Claro. O Código mexe com tudo. Justamente por se um código de conduta, ele vai fazer as pessoas pensarem sobre que conduta consideram digna. Nem toda indisciplina é penalmente punível. Pequenas indisciplinas têm que ser punidas administrativamente. O difícil é equilibrar isso na democracia. É tirar do Código Penal dessa função horrorosa de fazer controle social e ser um código de conduta, limitá-lo ao que podemos chamar de direito penal mínimo. Falar nisso às vezes parece uma agressão, mas eu acho que o direito penal tem que ser mínimo.
Qual seria um exemplo disso? Por exemplo, o Código de Trânsito tinha normas penais. Uma delas é que, se você bater seu carro em outro parado, mesmo que vazio, e for embora, isso é crime, com pena de prisão. É um absurdo, mas está lá. A prisão não vai ressarcir o bem, que seria o essencial nesse caso. Há uma tendência histórica de fazer controle social com a lei penal. O Direito Penal tem a tradição de ser poderoso. As classes dominantes usam a lei penal para impor sua dominação. Isso é histórico em todo o mundo capitalista.
Essas questões apontam uma visão mais humana da Justiça?
Esse projeto tem grandes novidades em relação ao código vigente. O novo Código Penal passa a ser uma referência para o cidadão, para o juiz, para todo mundo. Com isso, os 300 artigos do texto atual viraram quase 600. Mas está tudo ali. No novo Código Penal temos todo o roteiro para tratar o crime no Brasil.
O novo texto é reflexo de uma evolução da sociedade brasileira?

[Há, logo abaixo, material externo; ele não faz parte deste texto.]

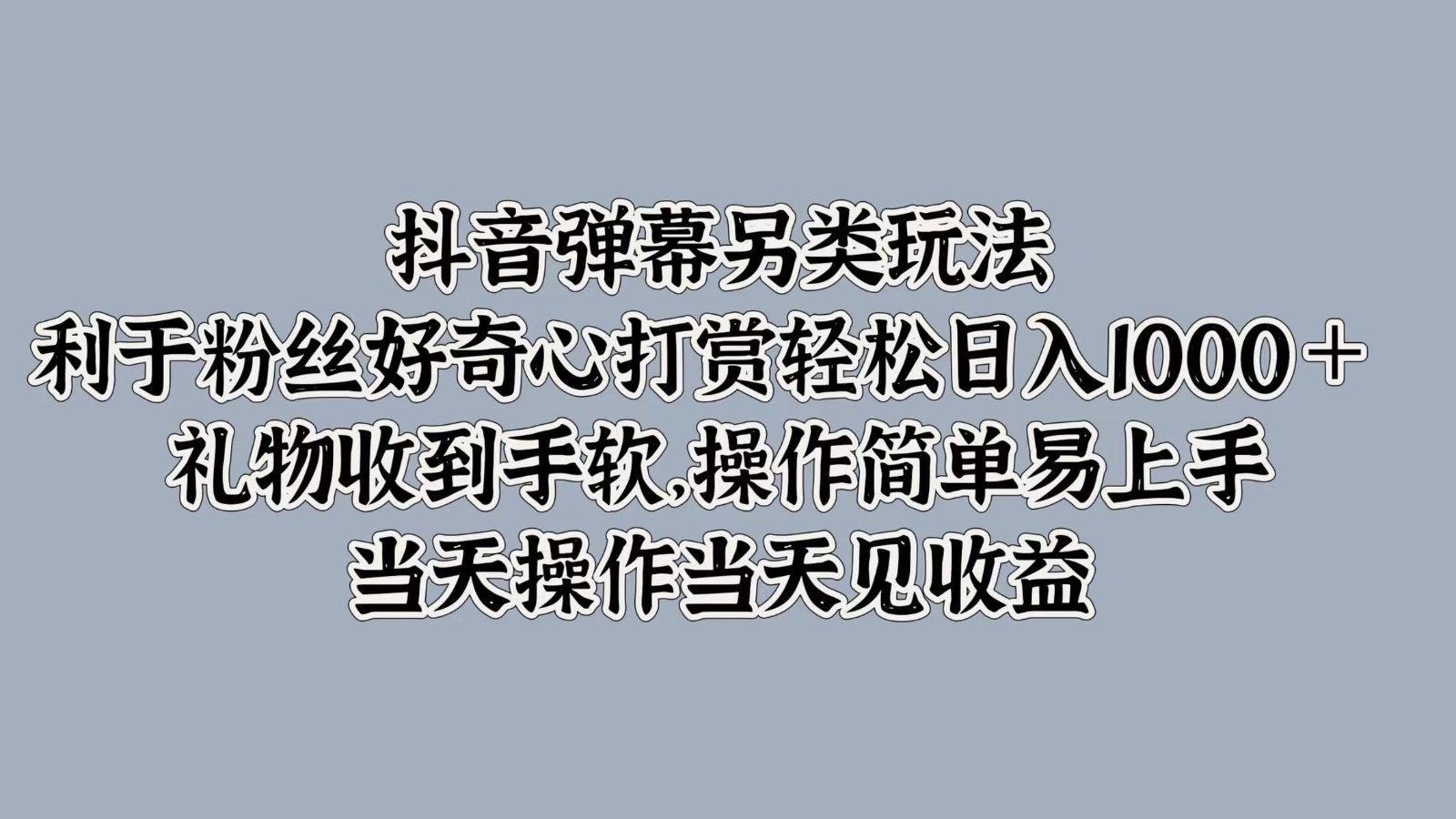 抖音弹幕另类玩法，利于粉丝好奇心打赏轻松日入1000＋ 礼物收到手软，操作简单-一新网创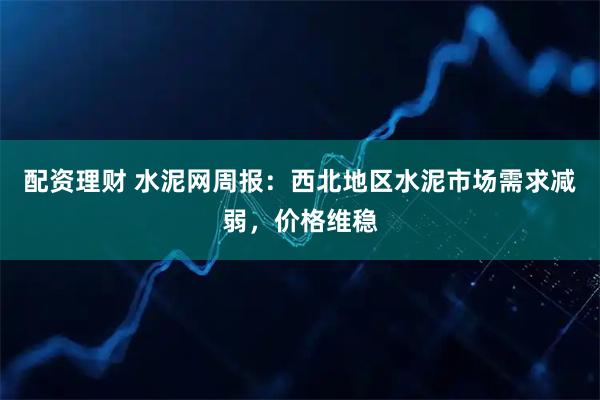 配资理财 水泥网周报：西北地区水泥市场需求减弱，价格维稳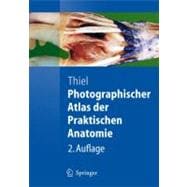 Photographischer Atlas Der Praktischen Anatomie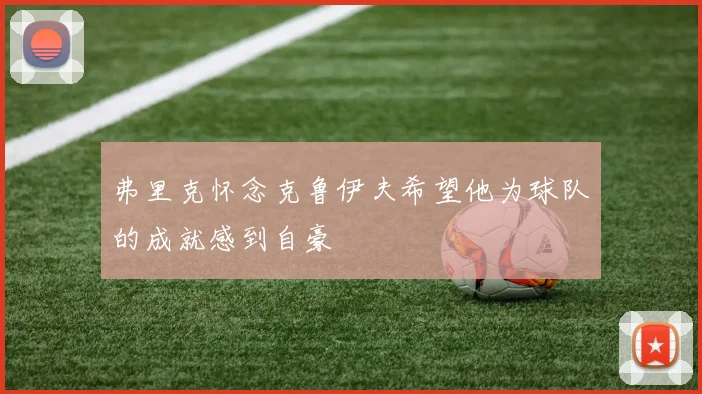 弗里克怀念克鲁伊夫希望他为球队的成就感到自豪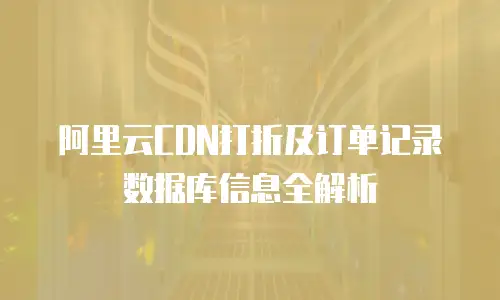 阿里云CDN打折及订单记录数据库信息全解析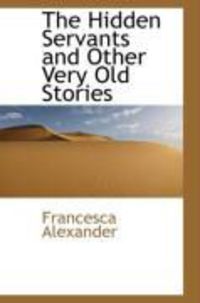 Produktbild: The Hidden Servants and Other Very Old Stories
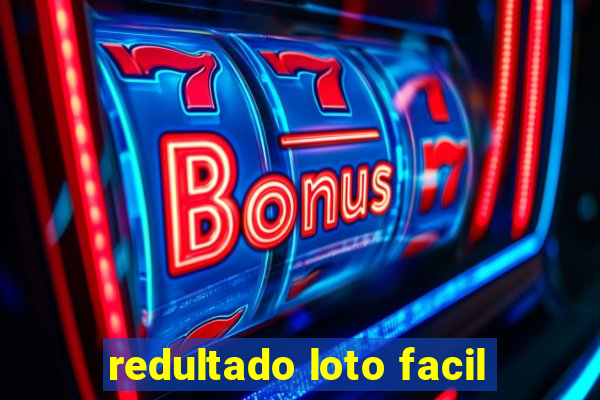 redultado loto facil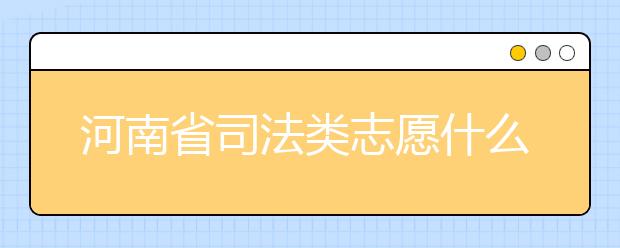 河南省司法类志愿什么时候填报？河南省司法类志愿要求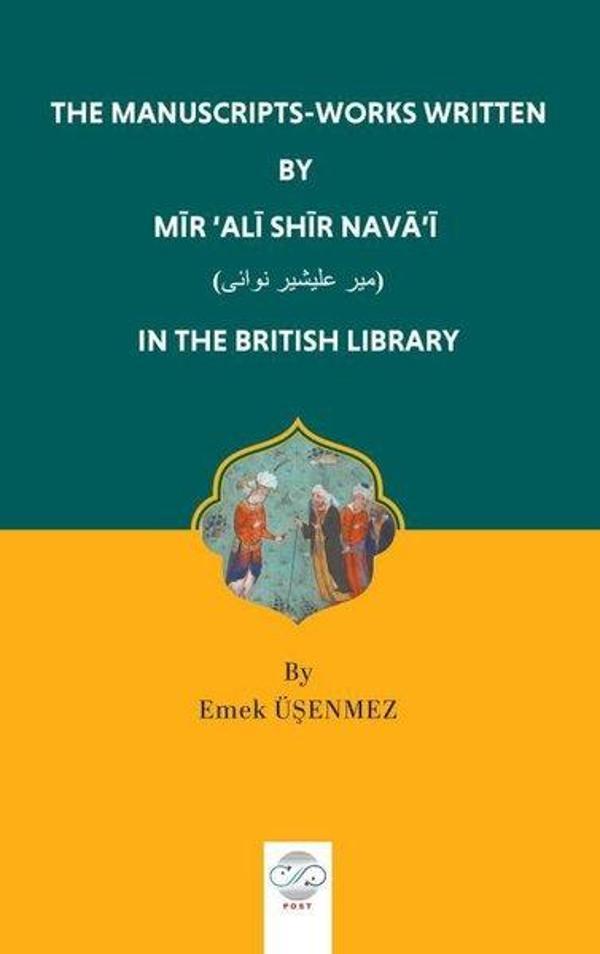 The Manuscripts - Works Written By Mir'Ali Shir Nava'i in the British Library - Post Yayın - Image 1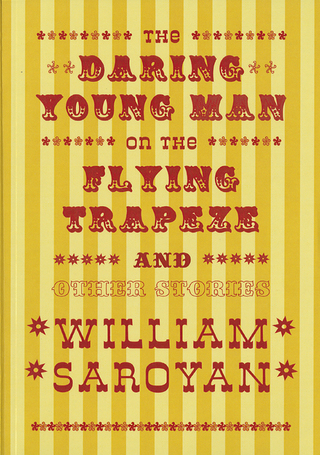 Imagen de portada: The Daring Young Man on the Flying Trapeze 9780811213653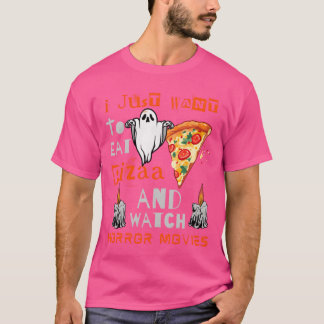 T-shirt Je veux juste manger de la pizza et regarder des f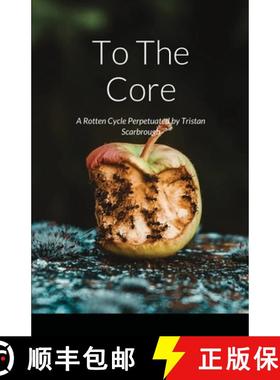 【3-4周达】To The Core: A Rotten Cycle Perpetuated by Tristan Scarbrough [9781304804532]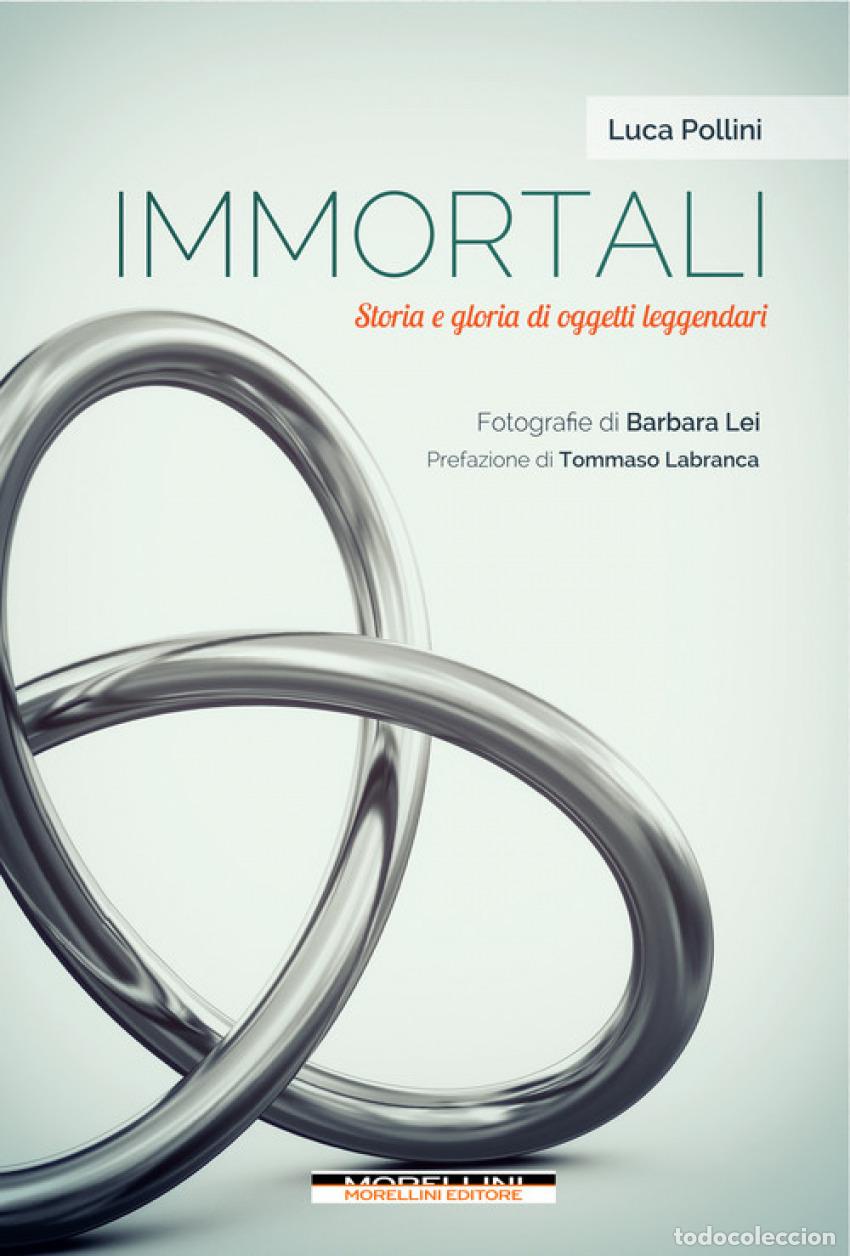 books: IMMORTALI. STORIA E GLORIA DI OGGETTI LEGGENDARI - POLLINI, LUCA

O projeto é produto de uma comissão inicialmente composta por 16 profissionais — apelidada de comissão de juristas —, dos quais dois não permaneceram e a ela de fato ser formou com 14. Foi composta ecleticamente entre magistrados, membros do ministério público e advogados. Eclética também na maneira de pensar. Por exemplo, em geral os membros do Ministério Público têm uma visão menos generosa do mundo. Eles pensam que são os gestores da moralidade, mas também são mais duros, alguns deles ainda acreditam na pena privativa de liberdade, acreditam na cadeia como método de socialização e correção do mundo. Enfim, eles ainda têm essas ilusões que eu não diria infantis, mas que perduram e que são ilusões do pensamento humano no meu ponto de vista. Eu não cheguei ainda na idade de ser abolicionista, de propor a abolição da pena privativa de liberdade. Mas estou a caminho dela a passos largos. ¦
Texto do projeto dá prioridade à liberdade
Crimes contra o patrimônio devem perder espaço na codificação
Em uma tentativa de humanizar as penas para crimes leves, o texto do novo Código Penal também reduz a importância que o documento atual dá aos crimes contra o patrimônio, priorizando a liberdade, conforme destaca Técio Lins e Silva. A nova proposta para o Código Penal é uma evolução na sugestão das penas e no tratamento dos presos? É preciso acabar com essa mística de que tudo é prisão. Eu sou contra prisão. Esse código é um estágio de um processo histórico. Estamos cumprindo um pouco desse rito de passagem. É preciso pensar que a prisão é uma coisa extremamente positiva quando ela substitui a pena de morte e a tortura. Ela é um avanço extraordinário, mas ela já cumpriu seu papel. A prisão humanizou o processo de penalização. O Código atual não prioriza esse papel? Nosso atual Código Penal é fascista na sua essência. No Código em vigor é possível ver o retrato das corporações. Os crimes contra a liberdade individual são tratados com peninhas muito pequenas. O que é importante no Código vigente é o patrimônio. O que é desimportante é a liberdade. Isso muda agora? Isso muda. Trabalhei para isso, sendo até alvo de alguma ironia, porque eu estava propondo aumento de pena pela primeira vez nas discussões. Mas que fique claro que eu estava propondo aumento de pena para os crimes praticados contra a restrição da liberdade. Coisa que no vigente Código Penal brasileiro é tratada de maneira secundária. ¦ C.B.